Entonces, ¿por qué en estas últimas dos décadas hemos crecido económicamente mientras la vida pública se pudre por los cuatro costados? Porque como mandaba el catecismo, la inversión era “lo único” que nos haría progresar. Por gracia divina modernizadora, ella se convertiría en mejores instituciones. O, como repetía Jaime de Althaus en su libro del 2011 (¡citando a un marxista!): Sin burguesía no hay democracia. Ese es el corazón del mito hortelano. Que el mundo de la democracia y las instituciones puede postergarse hasta que haya riqueza o burguesía. Y eso hicimos. Pero, chesss (in memóriam, ‘Gordo’ Casaretto), la revolución capitalista no civilizó al juez Hinostroza ni a Becerril. Falló el plan.

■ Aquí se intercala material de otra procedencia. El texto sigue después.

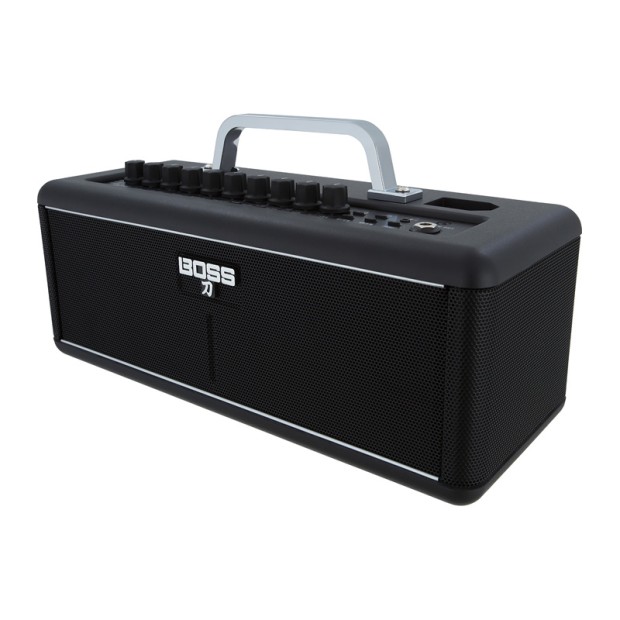 آمپلی فایر گیتار باس Boss Katana-Air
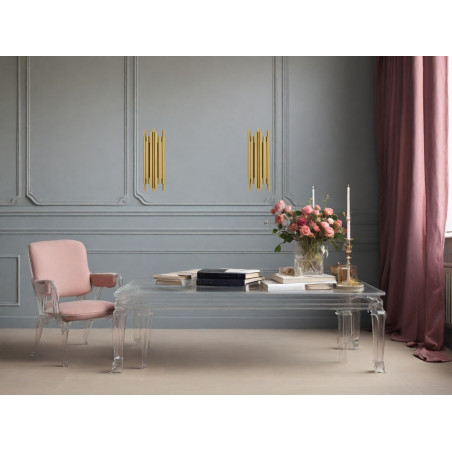 Lampa ścienna BAJHI LE43385 Luces Exclusivas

El gradual deterioro que ha generado la crisis presente, entonces, reside exactamente en aquello que el hortelanismo deliberadamente considera secundario, sino trivial: instituciones, Estado de derecho y ciudadanos. Somos hechura de nuestra derecha hortelana; más alanista que vargasllosista, menos paniagüista que fujimorista. Basta ver cuánta gente del establishment (no de la ciudadanía) considera que el segundo gobierno de García fue excelente. Tácita confesión de su simpatía por el crecimiento sin ley.
Toca hacer el balance y liquidación del hortelanismo: su principal deficiencia es menos lo que promueve, que lo que impide. El hortelanismo nos paraliza porque las reformas que precisamos generarán necesariamente “ruido político”. Y para el hortelanismo esto es peor que la compraventa de sentencias judiciales. ¿Pelear para que desde la escuela niñas y niños interioricen la igualdad de derechos y oportunidades? No, hermanito, esa batalla va a costarnos un punto del PBI. ¿Defender la Constitución alterada ilegalmente desde el reglamento del Congreso? Eso pondría nerviosos a los inversionistas. Todos deberíamos recordar las opiniones que llamaban a que PPK deje caer a Saavedra, pues la economía se resentiría si daba batalla por la educación. Ofrendaron su cabeza y en el 2017 crecimos la mitad que en el 2016. Ni soga ni cabra. El Estado de derecho y la democracia hacen sostenible el capitalismo; el capitalismo sin Estado de derecho solo segrega corrupción.
Entonces, o recuperamos las prioridades republicanas o proseguiremos esta lenta debacle. Pero entendamos que toda reforma institucional es por definición contenciosa. Cambiar una institución significa desalojar a los beneficiarios del statu quo. ¿Puede el presidente Vizcarra encabezar algo así? Solo puede hacerlo, evidentemente, si está dispuesto a arriesgar su cabeza. Avanzar en la dirección correcta requiere –no única pero sí necesariamente– enfrentar al fujimorismo parlamentario. Si no, ya lo cantaron los Sex Pistols: “No future”. Nuestros líderes tienen la palabra, ¿hortelanos o republicanos?